*TASK STATEMENT*: Using the data below, transcribe exactly everything from the line that contains "Tapis d'escalier autocollants" down to the line that contains "Lancha teledirigida TX727". Include both of those lines and none of the pictures.

*MATERIAL PROVIDED*:
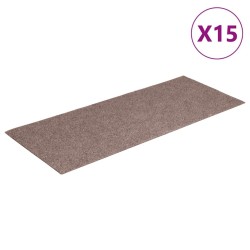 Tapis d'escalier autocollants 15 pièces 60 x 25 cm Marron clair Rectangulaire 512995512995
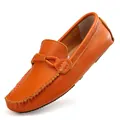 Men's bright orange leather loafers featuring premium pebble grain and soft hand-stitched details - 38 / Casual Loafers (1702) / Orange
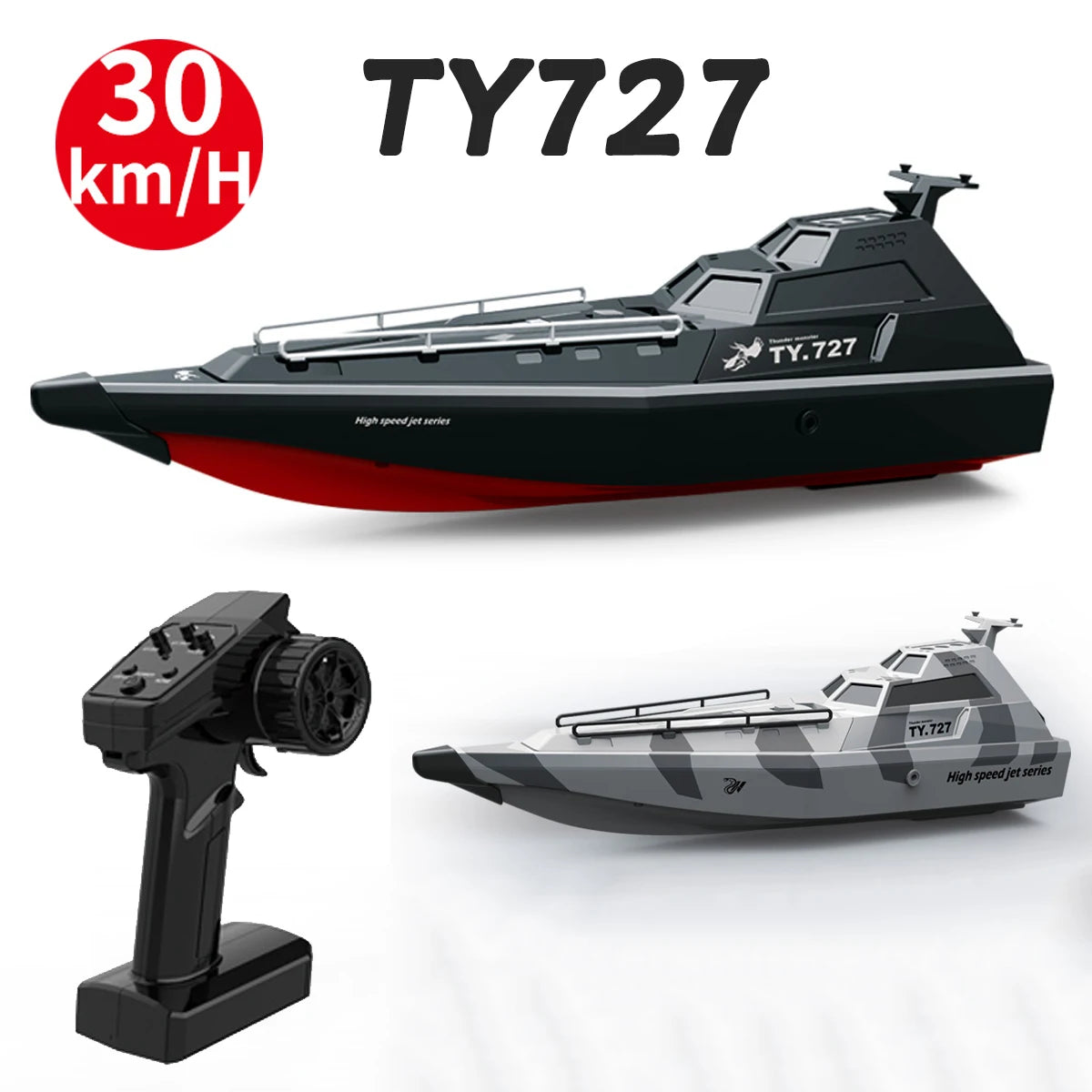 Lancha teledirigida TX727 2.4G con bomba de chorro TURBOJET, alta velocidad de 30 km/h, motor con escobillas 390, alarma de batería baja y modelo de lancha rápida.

--

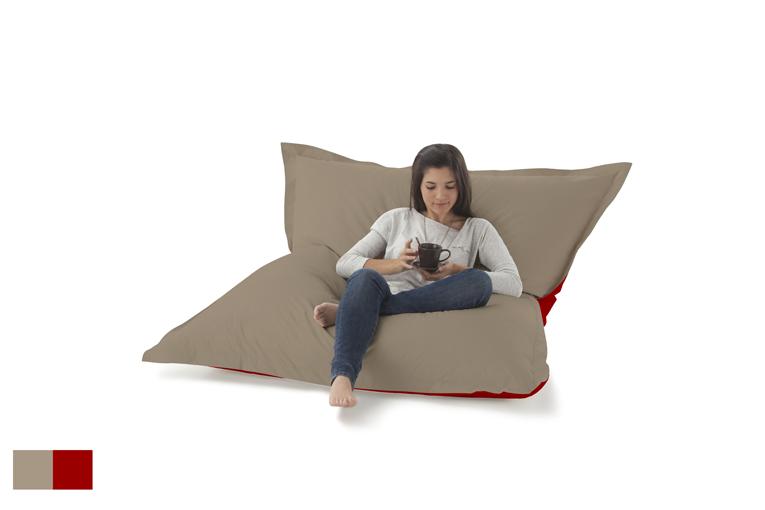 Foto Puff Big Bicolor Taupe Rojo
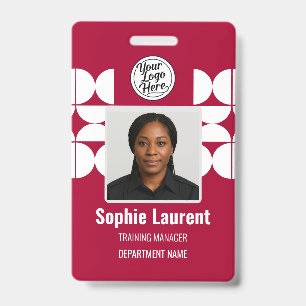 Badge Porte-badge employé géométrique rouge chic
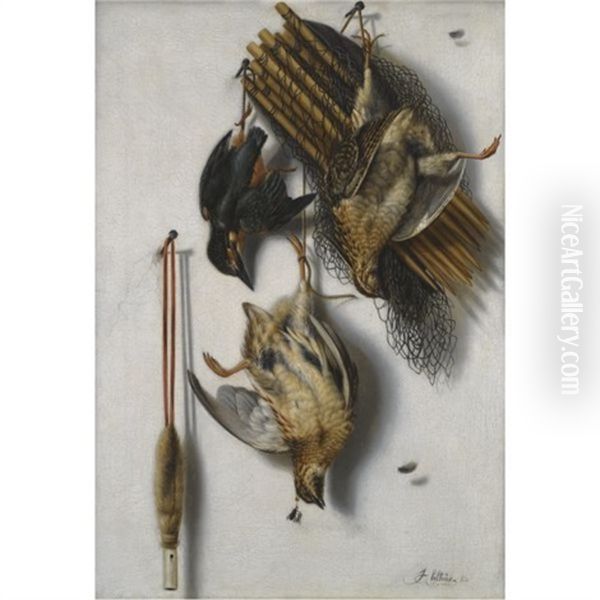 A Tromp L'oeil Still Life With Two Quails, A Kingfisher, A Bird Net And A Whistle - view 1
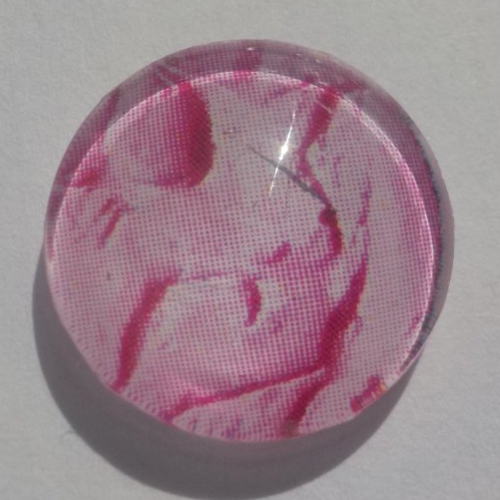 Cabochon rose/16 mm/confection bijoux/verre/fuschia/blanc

*RESULT OF THIS EXERCISE*:
 Tapis d'escalier autocollants 15 pièces 60 x 25 cm Marron clair Rectangulaire 512995512995
 Men's bright orange leather loafers featuring premium pebble grain and soft hand-stitched details - 38 / Casual Loafers (1702) / Orange
 Lancha teledirigida TX727 2.4G con bomba de chorro TURBOJET, alta velocidad de 30 km/h, motor con escobillas 390, alarma de batería baja y modelo de lancha rápida.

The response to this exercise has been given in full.